The records below are to be transcribed exactly from their first line to the line that has "LAKE HARNEY ESTATES", inclusive, with every picture omitted.

===== Record set

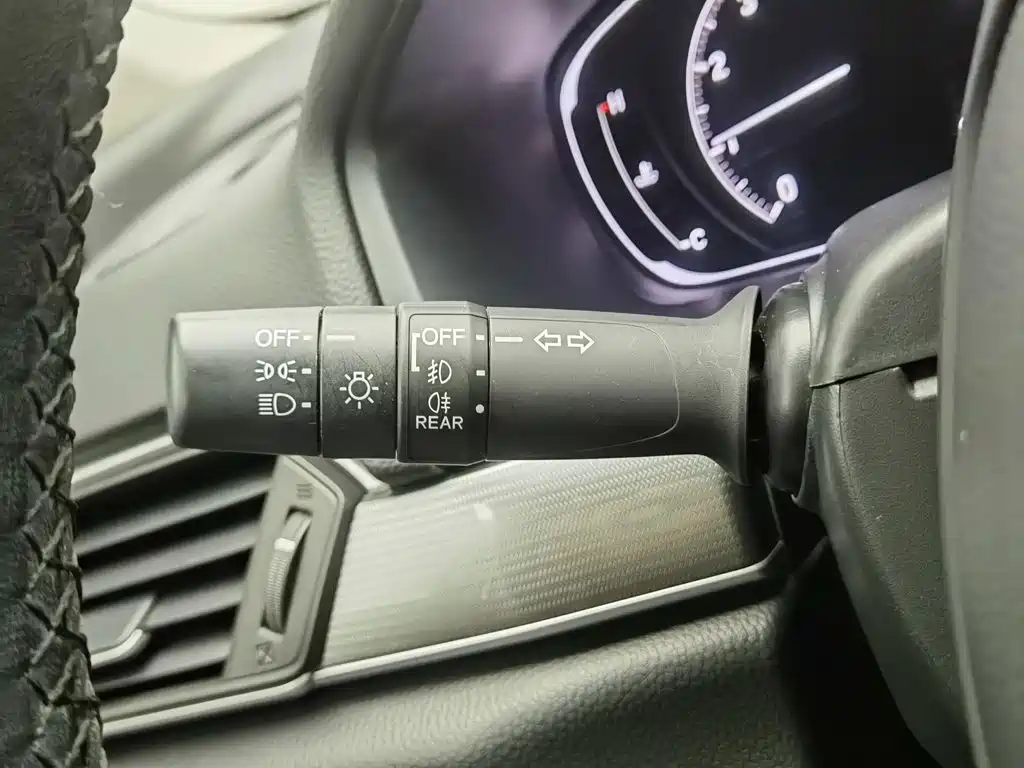 Honda Accord — фото 21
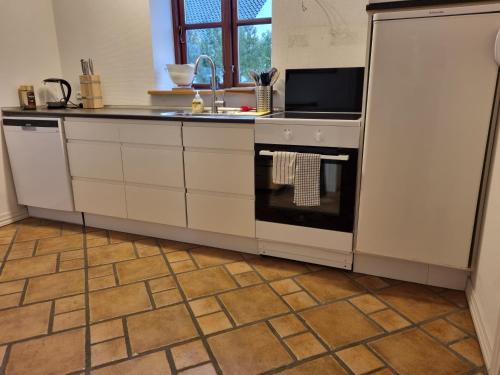 Kitchen, Elling Bed & Breakfast in Frederikshavn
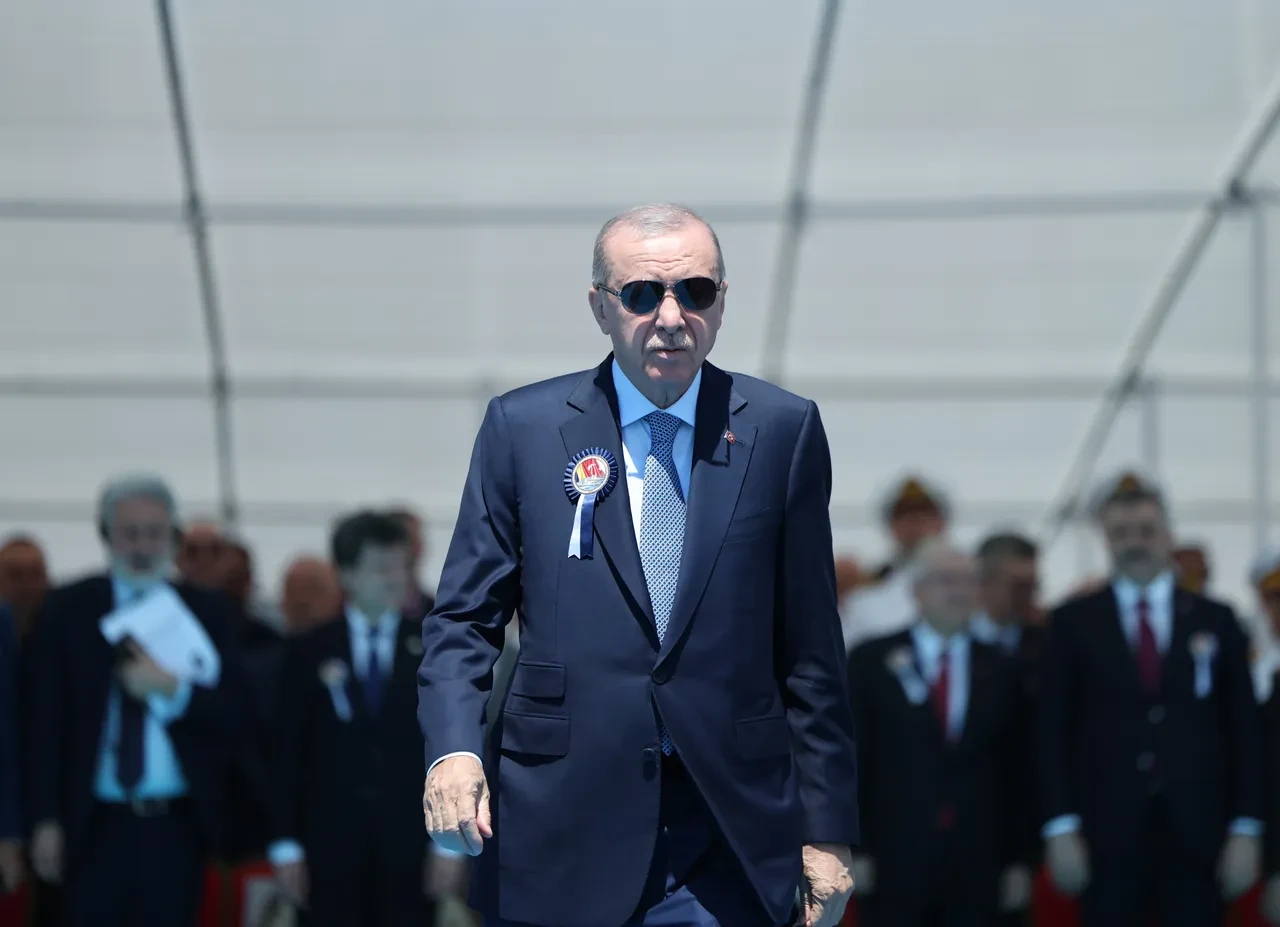 Cumhurbaşkanı Erdoğan duyurdu! Türkiye tarihinde bir ilk: 'Sahada güçlü olmayan kendini menüde bulur'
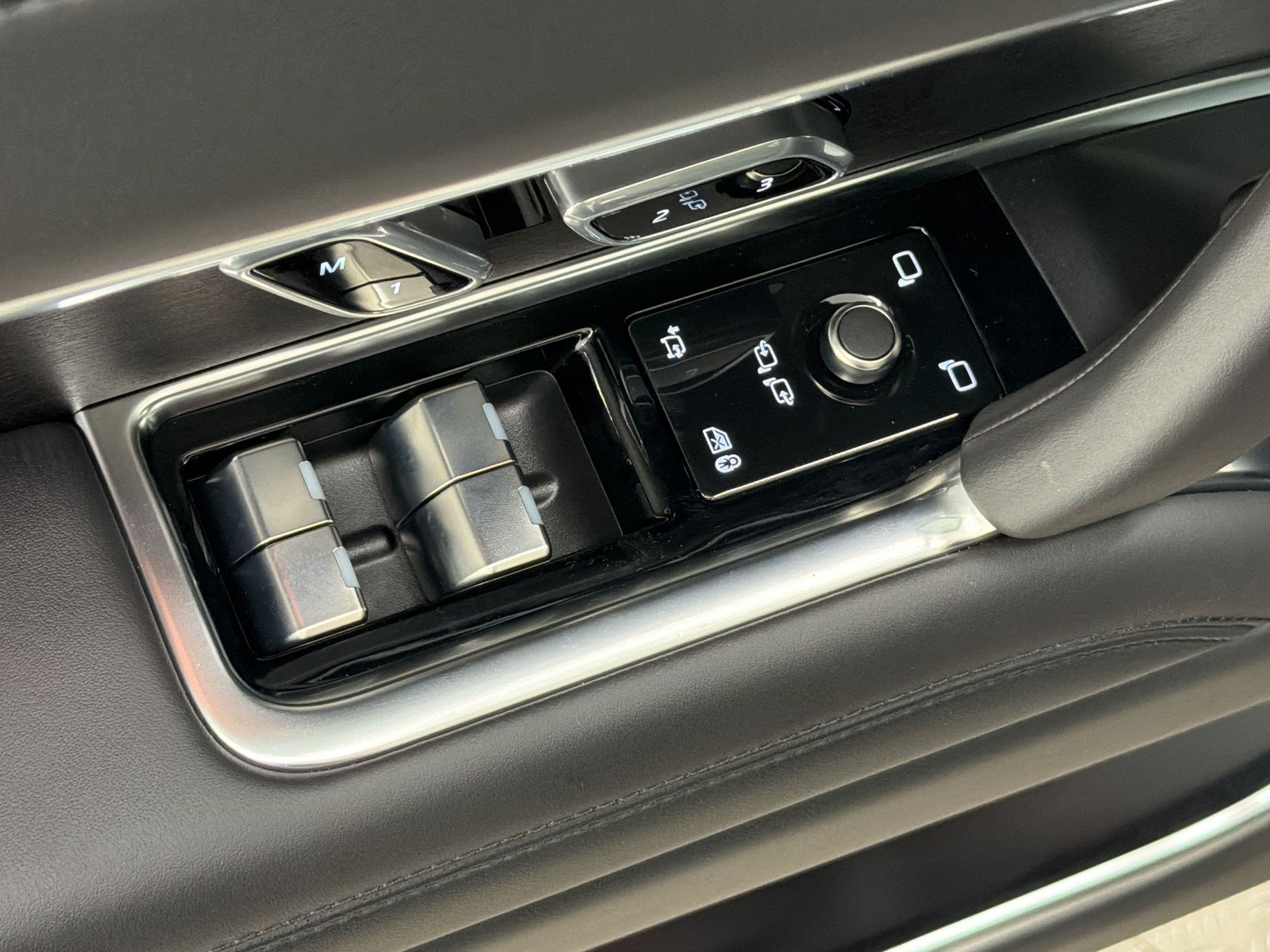 New 2026 Land Rover Range Rover SE AWD/4WD image 14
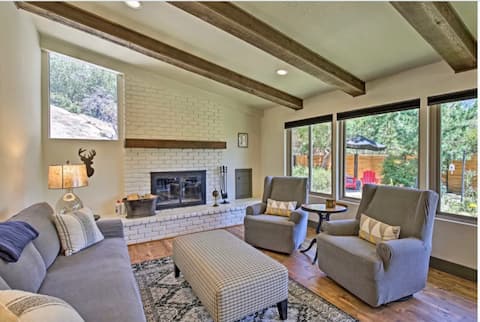 Successful Airbnb property: Mountain Getaway with views, spa, near town! in Idyllwild Pine Cove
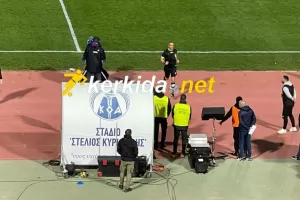 Κάλεσμα σε on field review για πέναλτι - Παρέμεινε στην αρχική του απόφαση 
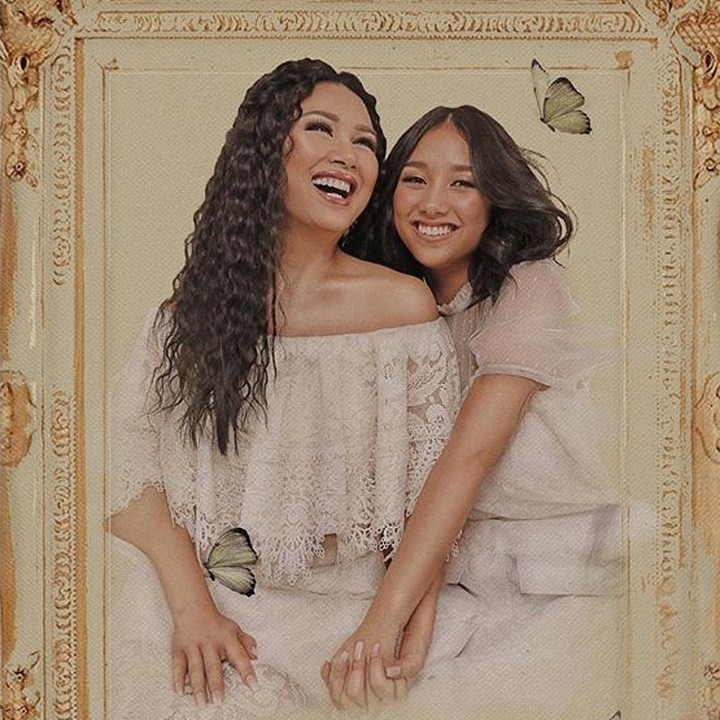 <p>Happy-nya Titi foto bersama Salmaa. (Foto: Instagram/ @ti2dj)</p>
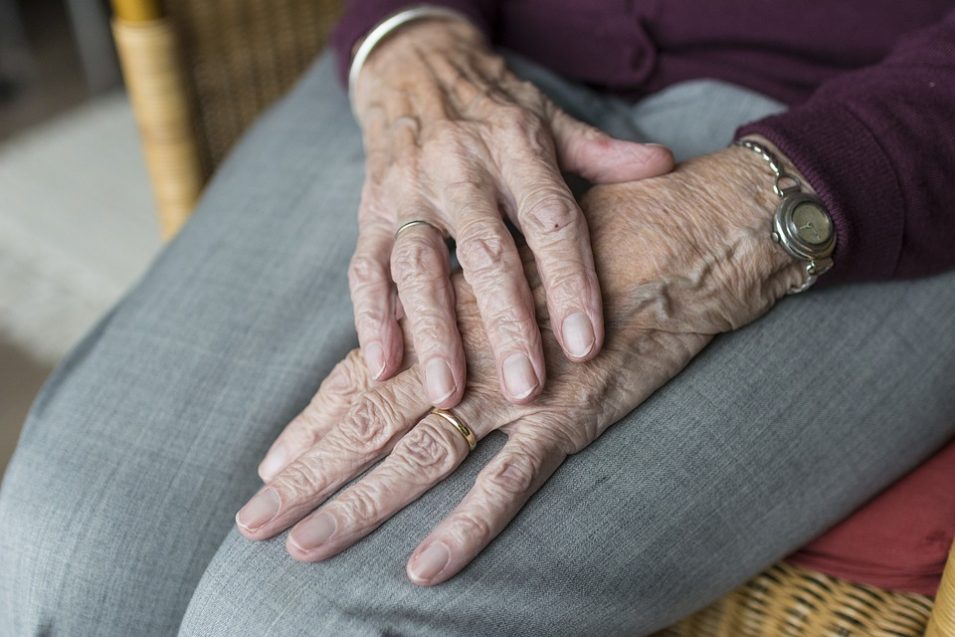 Gironde : Une dame de 83 ans fait fuir un cambrioleur caché sous son lit
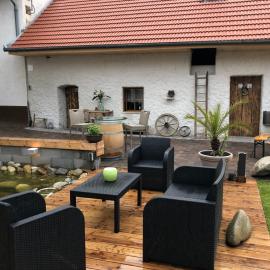 Auszeit; Gästehaus & mehr: Kollersdorf şehrinde bir otel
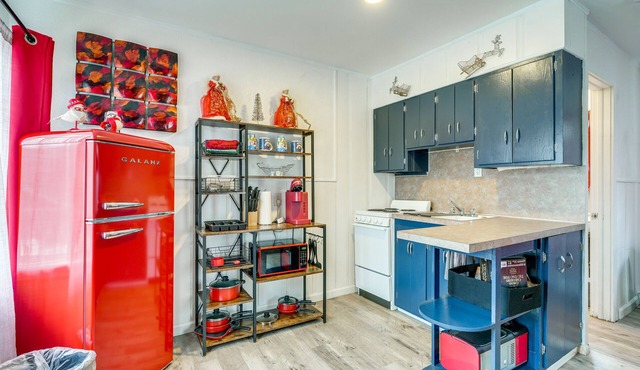 Cozy Rockaway Beach Studio w/Lake View!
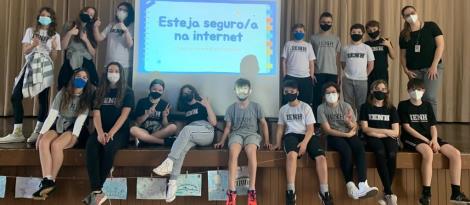 Estudantes dos 6°s anos da Unidade Oswaldo Cruz trabalham segurança na internet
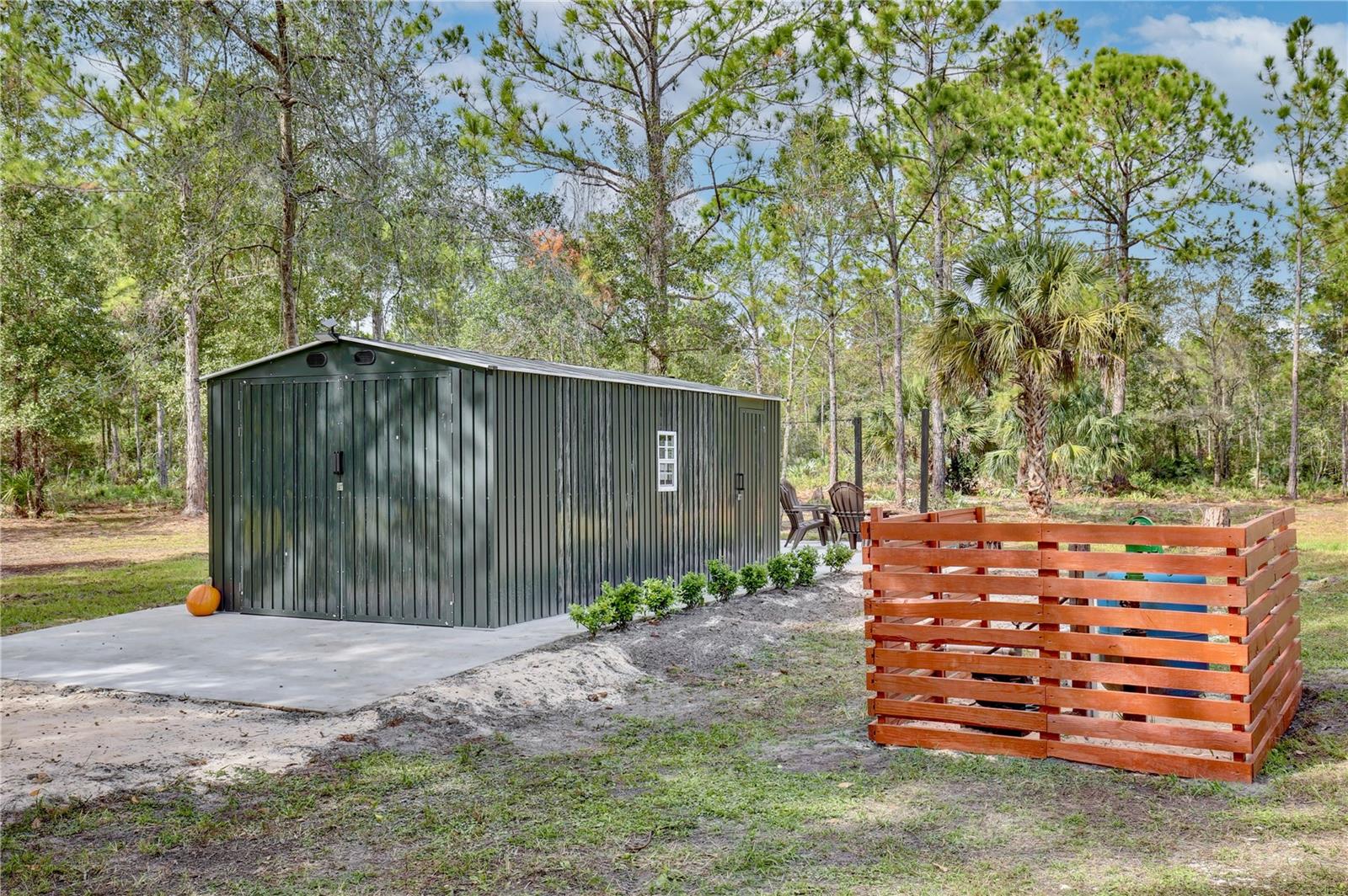 LAKE HARNEY ESTATES 5 ACRE DEV 256 PARCELS - Residential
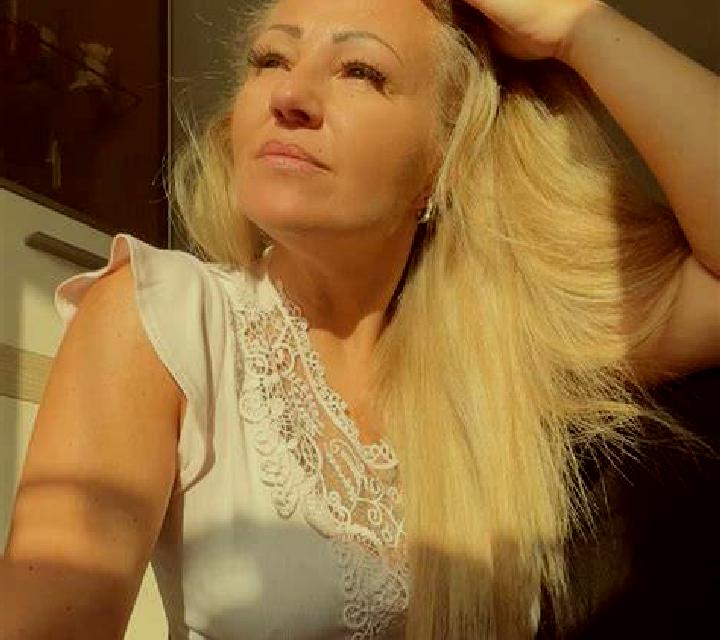 Paulina Curarrehue escort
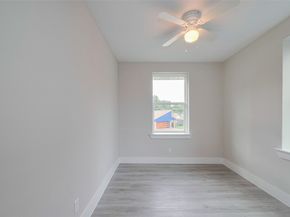 1985 Sherwood Forest Street, Houston TX 77043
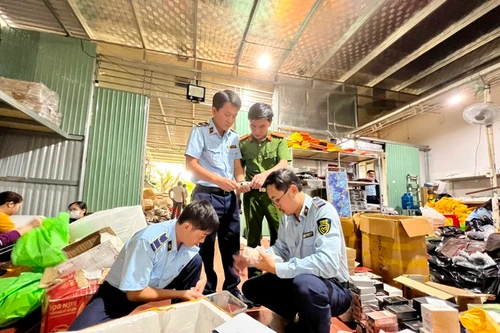 Từ bao diêm, gói thuốc lào đến hàng cấm được bán qua mạng, cách nào ngăn chặn?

==========

(Response to the task)
 Honda Accord — фото 21
 Kitchen, Elling Bed & Breakfast in Frederikshavn
 Cumhurbaşkanı Erdoğan duyurdu! Türkiye tarihinde bir ilk: 'Sahada güçlü olmayan kendini menüde bulur'
 New 2026 Land Rover Range Rover SE AWD/4WD image 14
 Successful Airbnb property: Mountain Getaway with views, spa, near town! in Idyllwild Pine Cove
 Κάλεσμα σε on field review για πέναλτι - Παρέμεινε στην αρχική του απόφαση 
 <p>Happy-nya Titi foto bersama Salmaa. (Foto: Instagram/ @ti2dj)</p>
 Gironde : Une dame de 83 ans fait fuir un cambrioleur caché sous son lit
 Auszeit; Gästehaus & mehr: Kollersdorf şehrinde bir otel
 Cozy Rockaway Beach Studio w/Lake View!
 Estudantes dos 6°s anos da Unidade Oswaldo Cruz trabalham segurança na internet
 LAKE HARNEY ESTATES 5 ACRE DEV 256 PARCELS - Residential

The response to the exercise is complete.